The blurb tells us that ‘The Orchards of Syon’ is “Hill’s Paradiso, a Dantean eclogue...” though I cannot see that it resembles Dante’s masterpiece in any way nor does it, in form or substance, read like the pastoral dialogue that I understand by “eclogue”. In fact it consists of seventy-two cantos or interrelated poems, each of 24 lines of free verse. Sometimes he seems to be addressing an unspecified and voiceless someone, at other times simply soliloquising on life, art, love, time and old age and the end of age.

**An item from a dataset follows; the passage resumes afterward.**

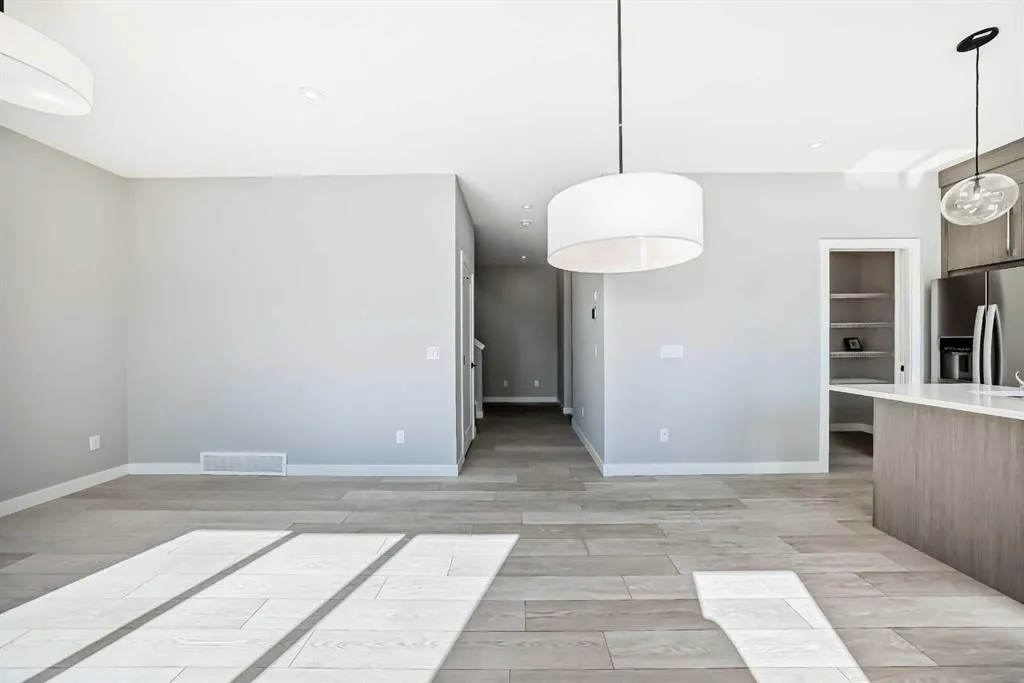 194 dawson harbour Hill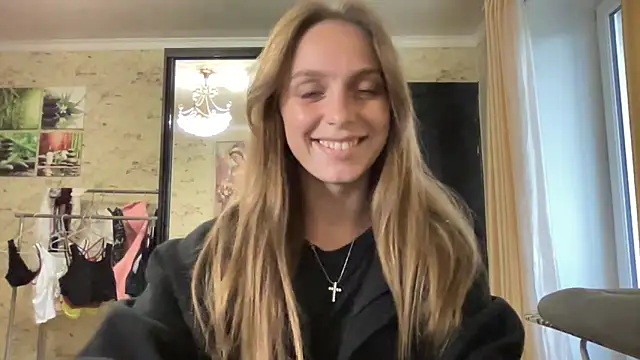 Snapshot of _Mrs_TBear_ chatting on October 2, 2025, 1:36 pm Mrs TBear online show from October 2, 2025, 1:36 pm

There are some descriptive passages of considerable power and vividness and the language is often able to modulate from the abstract and highly rhetorical to a jaunty vernacular without any sense of dislocation. Sometimes the diction is puzzling and it seems that Hill is striving too hard for the word that will both surprise and delight: for instance he speaks of the sea “that rides from darkness on to a skirr/ and pash of shingle” and “some demon/ chobbles its rap-cassette...” where “pash” and “chobbles” seem more jabberwocky than valuable coinages and elsewhere he uses “girns” and “hunkers” in contexts that make no sense that I can see. It is probably this laudable desire to leaven the rich latinate sonorities of much of his verse that also prompts him to refer matily to Tom Wyatt and Bert Lawrence, though mercifully he stops short of calling Hopkins Gerry.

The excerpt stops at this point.